That's the point you are missing. The quantity of manufactured items may increase, but the quantity of people who earn a living in manufacturing will continue to drop. Even China is losing manufacturing jobs to automation.
 
Every single thing you listed is now produced with less human labor than it was 20 years ago. In twenty more years it will require even less human labor to produce that list.

That's the point you are missing. The quantity of manufactured items may increase, but the quantity of people who earn a living in manufacturing will continue to drop. Even China is losing manufacturing jobs to automation.

The point YOU are missing is that automated or not, it were better the production be HERE (where maintenance and tech jobs can be done by Americans) and not THERE controlled by some foreign nation.
 
Having a vision of the future requires understanding how the world living/working environment has changed over time, recognizing the trends, realizing that there may be points that the trends change. It also takes a tad bit of imagination.

The US is living a day-to-day political existence, which is how a toad like Donald Dork could have got elected.

The US deserves him - DD and the fact that all three components of our governance (Executive, Legislative and Judicial) are in the hands of a Replicant Party run by billionaire-money is a nadir in American democracy.
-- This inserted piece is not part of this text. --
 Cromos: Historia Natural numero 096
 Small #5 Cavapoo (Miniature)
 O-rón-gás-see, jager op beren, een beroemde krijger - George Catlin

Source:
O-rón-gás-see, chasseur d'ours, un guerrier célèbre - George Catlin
The only question remaining is, "Can the US recover from this historical low-point in its long existence?" Or, do we just keep living the monstrous error in democracy?

The reason why a democratic catastrophe has happened is historic; it started (in the early 19th century) with:
*The manipulation an ill-conceived and non-representational Electoral College and
* Gerrymandering of district voting patterns.
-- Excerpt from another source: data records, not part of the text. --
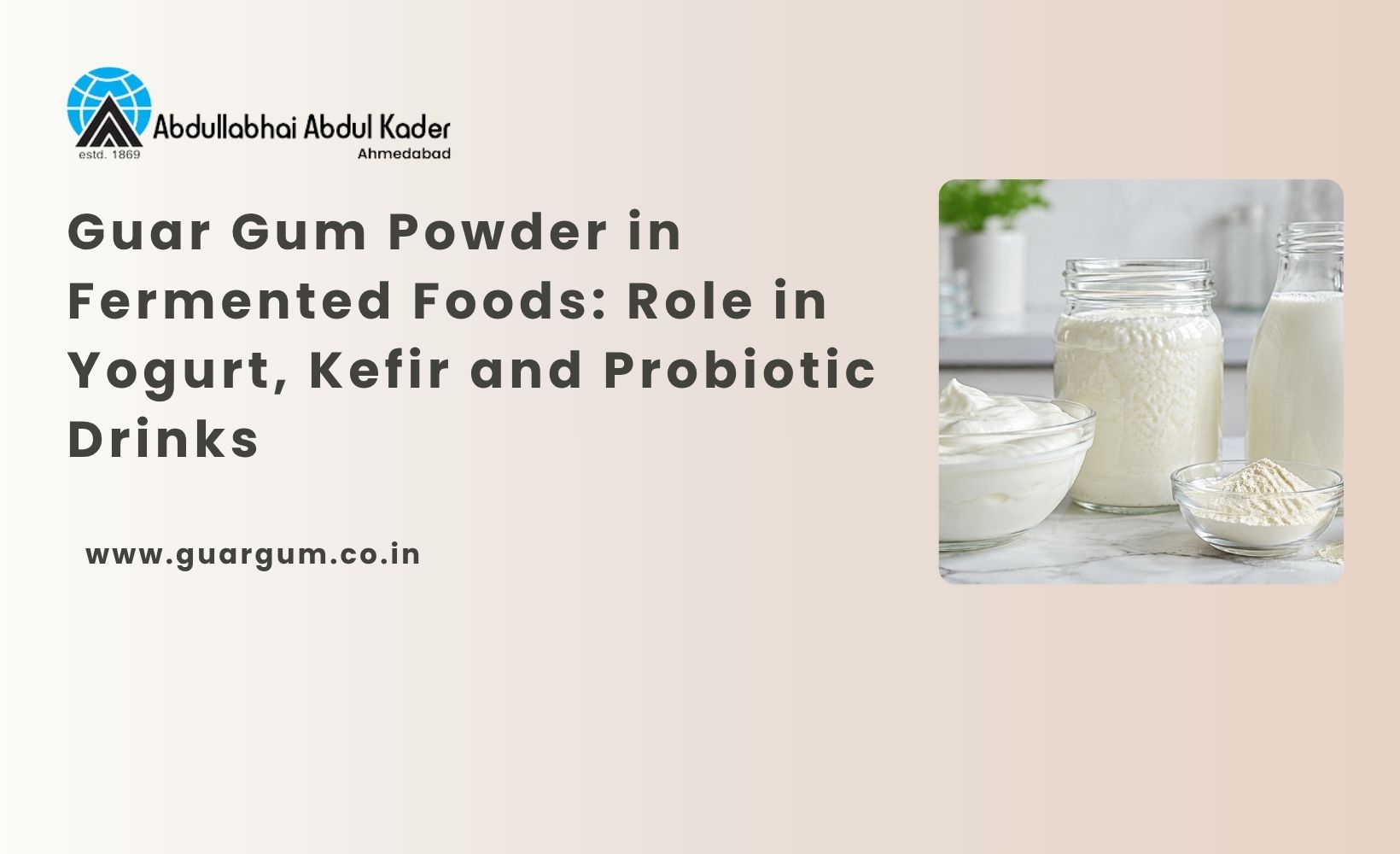 Guar Gum Powder in Fermented Foods: Role in Yogurt, Kefir and Probiotic Drinks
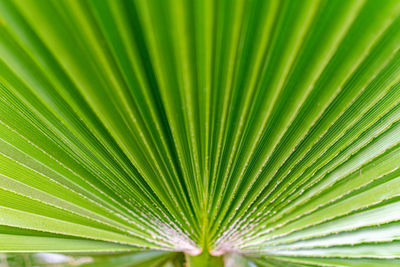 Full frame shot of palm leaf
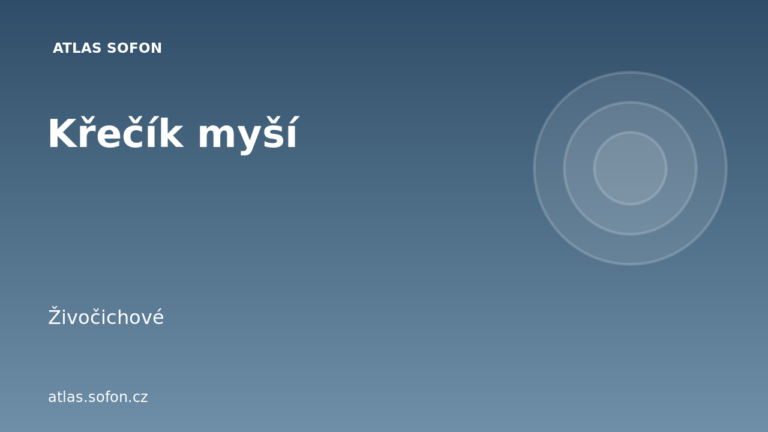 Křečík myší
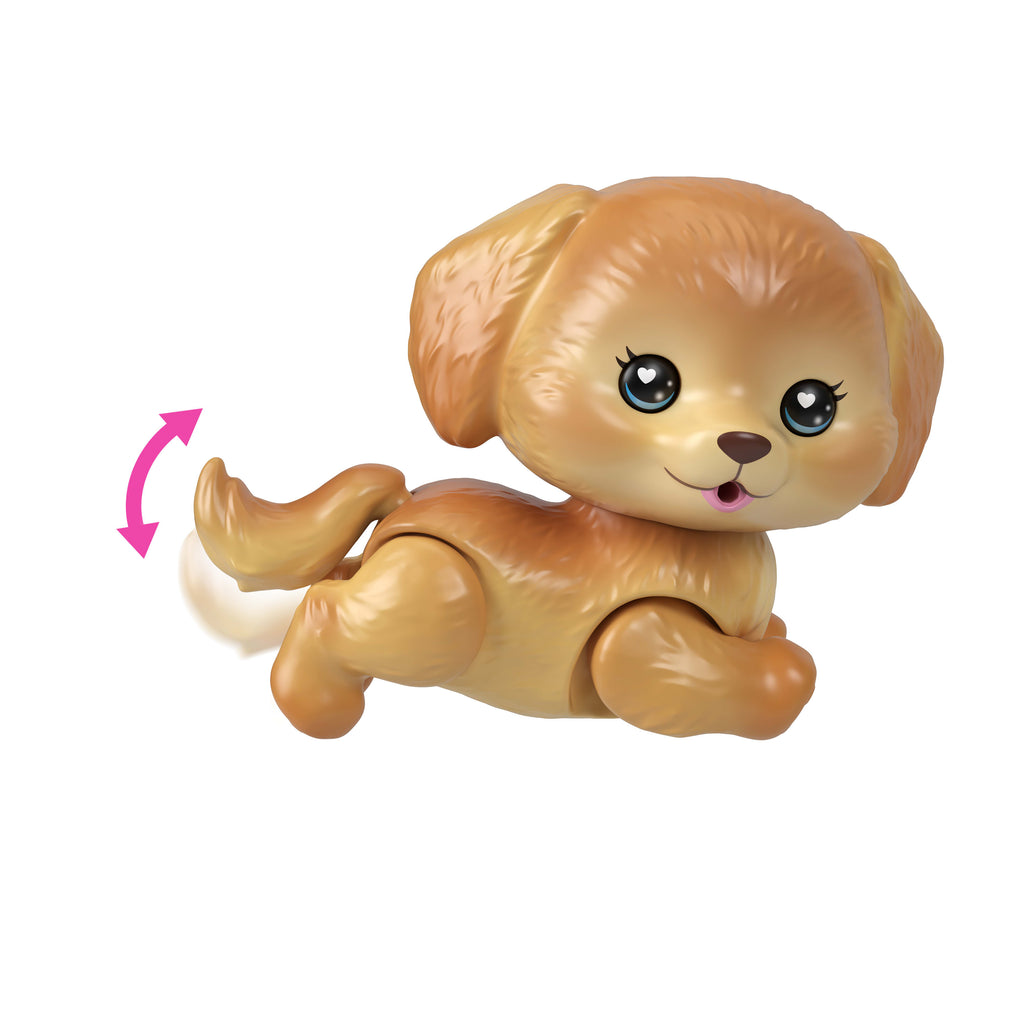 Barbie Dream Squad Evcil Köpek ve Havuz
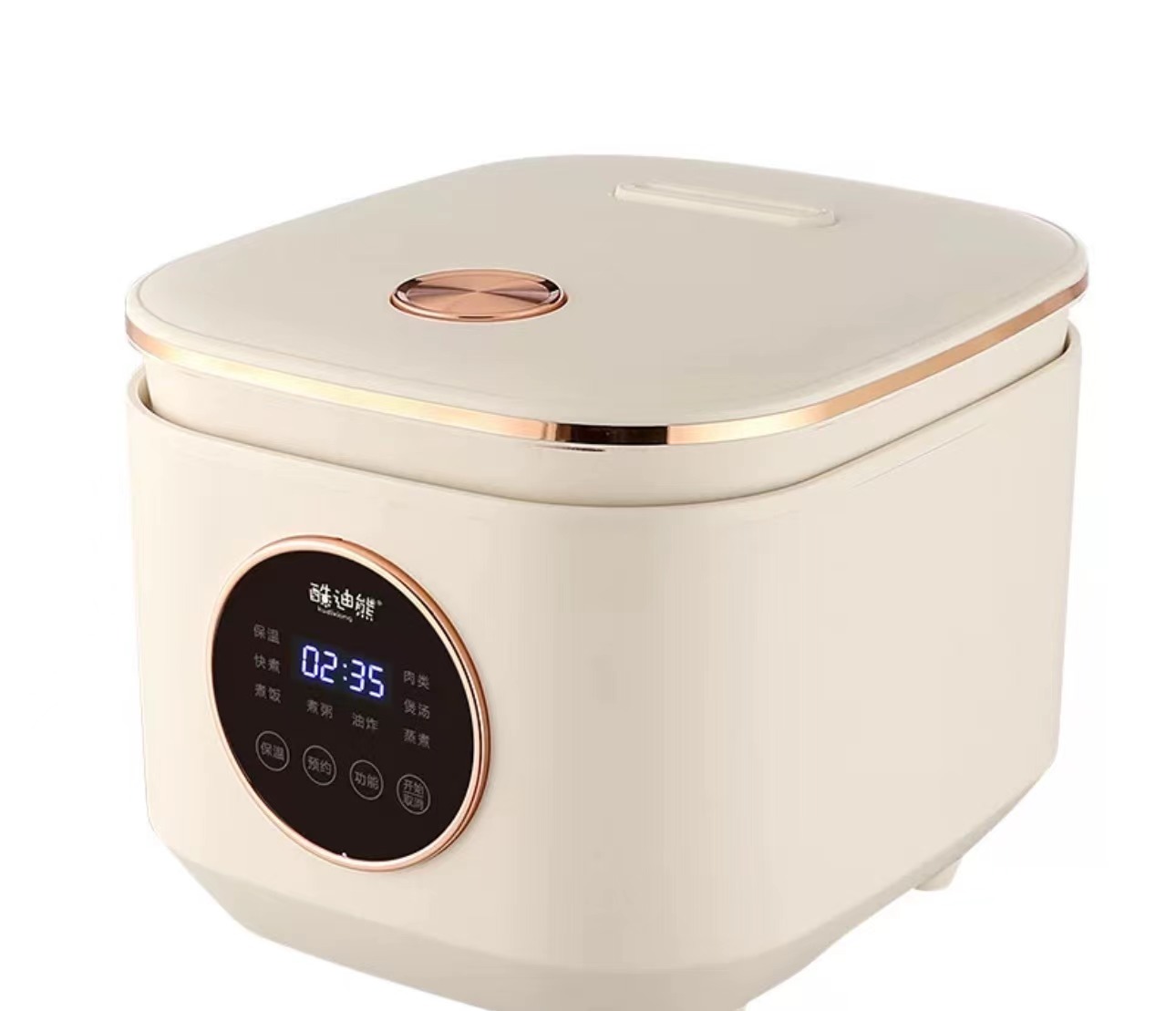 Induction cooker (5)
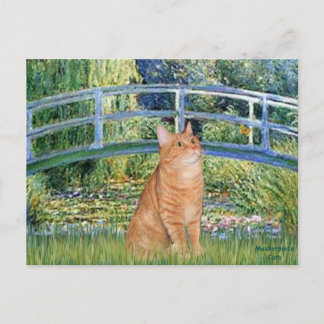 Carte Postale Pont - Orange Tabby SH cat 46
We have no reason whatsoever to be proud of the above voting manipulations for over two centuries! If the latter of the above, a finagling of the democratic vote, is not put down by the Supremes where it is presently under consideration, one should leave the country. (Look north to Canada for an example of how a democracy should be implemented.)

The EC must be put to its timely death, but that requires a major constitutional change ratified by the states. So, the best and quickest solution is to pass an electoral law stipulating that the EC must reflect the strict mathematical outcome of a democratic popular-vote describing the majority winning-party.

And to assure this, states should no longer be responsible for any Executive and Legislative national elections. This is the rightful responsibility of the US government in Washington, DC!

This sham of democracy can't get any worse due to the lack of individual respect of a sacred right to the democratic vote (small "d"). From Pew Research see the chart, U.S. trails most developed countries in voter turnout.

For a democracy, we as a nation are pretty damn lazy ... !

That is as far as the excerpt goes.